Recently, Pan et al. (6) conducted a systematic review and meta-analysis of evidence for the association between ALA exposure, measured via dietary intake and biomarker concentrations, with risk of incident CVD. They concluded that ALA exposure was associated with a moderately lower risk of CVD. A subtype of studies analysis revealed a significantly lower pooled risk estimate of CVD in 13 comparisons that used dietary ALA, with similar but nonsignificant trends in 17 comparisons in which ALA biomarkers were used. These findings support previous results for ALA intake, providing evidence to show that each 1-g/d increment of ALA intake is associated with a 10% lower risk of CHD death. This epidemiologic evidence needs to be corroborated with clinical studies that evaluate the effects of ALA on CVD morbidity and mortality (6).
Clinical trial evidence
Effect of n–3 PUFAs on biomarkers of CVD risk.
Several of the early ALA intervention studies evaluated the effects of consuming different quantities of ALA (4–20 g/d) and reported beneficial effects on cardiovascular risk factors including total cholesterol, LDL cholesterol (LDL-C), HDL cholesterol (HDL-C), TGs, and inflammation. However, some of the studies reported decreases in HDL-C and increases in TGs. The variable results reported in these studies discussed below could be explained by the following factors: lack of control of the background diet and how ALA was provided (flaxseed oil, ground flaxseed, capsules, or spreads), which could affect the composition of the diet consumed by the subjects; the gender of the subjects studied (i.e., the majority of studies were conducted in men with only a few including both men and women); and study duration, which varied from weeks to months.

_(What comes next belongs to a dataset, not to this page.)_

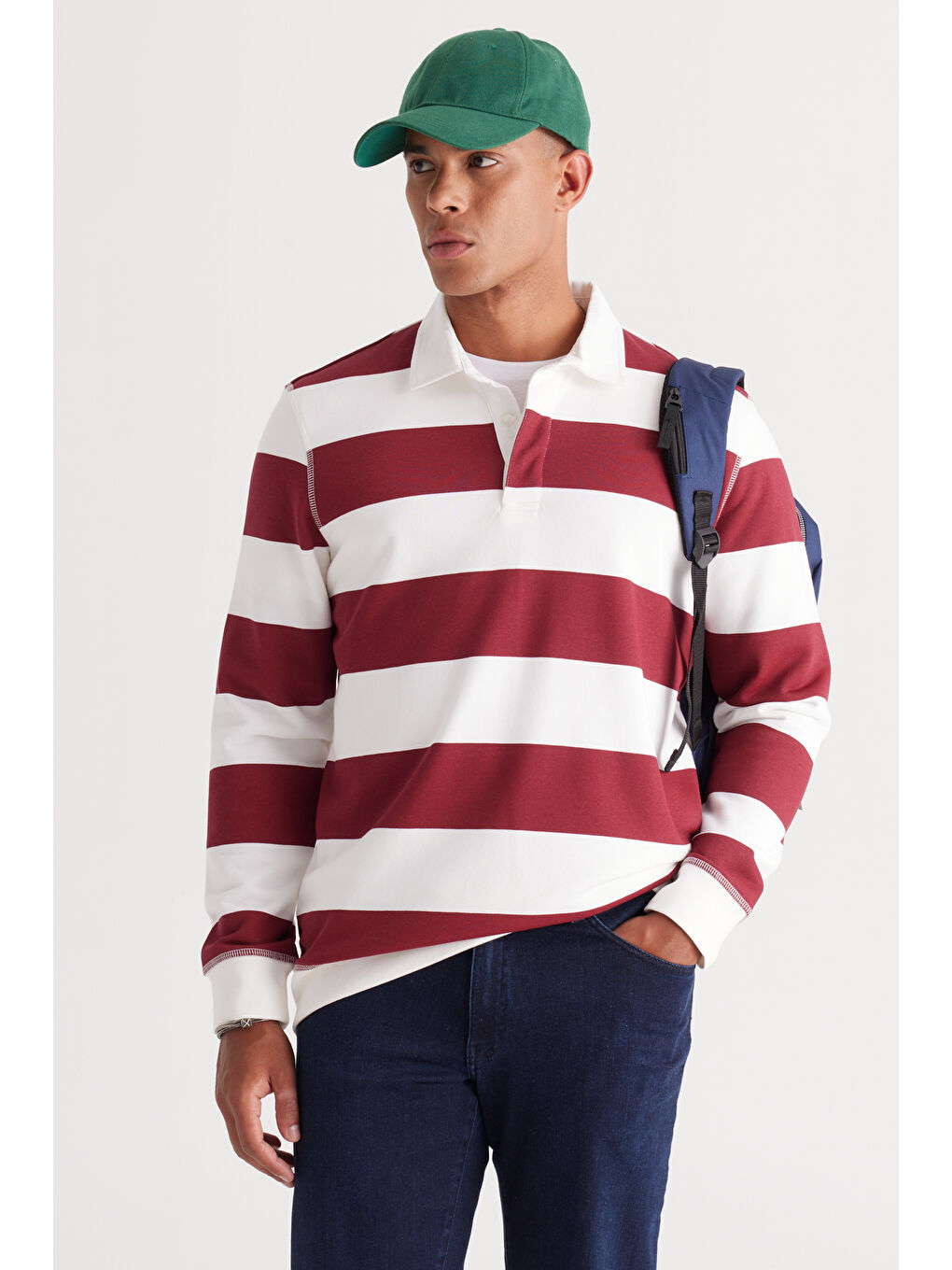 Erkek Ekru-Bordo Standart Fit Normal Kesim Polo Yaka Pamuklu Sweatshirt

Six recent RCTs conducted between 2008 and 2010 assessed the effects of ALA on CVD risk markers (26–31). Of these, 3 compared ALA with EPA + DHA and found similar beneficial effects on CVD risk markers (LDL-C, HDL-C, TGs, or inflammatory markers) compared with baseline (26–28). In 2 (26, 28) of the 3 studies participants were randomly assigned to groups receiving 1.2, 2.0, 2.4, or 3.6 g ALA/d or 0.6, 1.2, or 2 g of EPA + DHA/d via flax or fish-oil capsules for 12 wk. There was no effect of ALA or EPA + DHA at any dose on plasma lipids or inflammatory markers. In the third study (27), participants were randomly assigned to 1 of 3 intervention groups (ALA, EPA, or DHA) and asked to consume a specified margarine daily for 6 wk. The margarines contained 4.4 g ALA, 2.2 g EPA, or 2.3 g DHA, respectively. There was no effect on total cholesterol and LDL-C; however TGs significantly decreased in each of the groups. There was no difference between groups. In addition, DHA significantly increased HDL-C, whereas no changes were found for ALA or EPA.

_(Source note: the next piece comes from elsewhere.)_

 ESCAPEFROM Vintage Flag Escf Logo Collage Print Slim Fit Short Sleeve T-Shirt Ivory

In the 3 other studies conducted between 2008 and 2010 (29–31), ALA was provided in the form of flaxseed oil, ALA-enriched margarines, or other ALA-enriched foods and compared with a placebo control (i.e., wheat bran). These studies showed mixed results, with modest increases or reductions in HDL-C, LDL-C, and TGs, and modest beneficial effects or neutral effects on inflammatory markers. In these 3 studies (29–31), the composition of the ALA treatment and control diets varied considerably, which could account for the variable results reported.
Relative to the simplicity of conducting EPA + DHA supplement studies, ALA studies are more complicated because ALA is incorporated via food sources, which changes the composition of the test diet. For example, ground flaxseed is often used to provide ALA; however, it is difficult to differentiate the effects of the components in flaxseed from those of ALA as well as other changes in the nutrient profile of the diet. Similarly, when provided as a spread, the inclusion of other FAs most likely plays a role in altering the diet effects. Thus, when ALA is added to a test diet via different food sources, it is challenging to control the background diet for just ALA. In contrast, in EPA + DHA supplement studies, the background diet is unchanged.
Effect of n–3 PUFAs on CVD events.
As noted in a recent review by Harris et al. (32), there have been many RCTs that evaluated the cardioprotective effects of very-long-chain n–3 FAs. Several earlier trials reported benefits for patients treated with very-long-chain n–3 FAs (33–35). More recent studies have not demonstrated beneficial effects, which may be due to the relatively low dose studied, short-term patient follow-up, and major improvements in clinical care of coronary patients (32). In contrast, the clinical trial evidence for ALA is not as robust, mainly because fewer studies have been conducted and, as noted, there are multiple dietary variables in the treatment diet beyond just ALA. Nonetheless, the clinical evidence is suggestive of a cardioprotective effect of ALA.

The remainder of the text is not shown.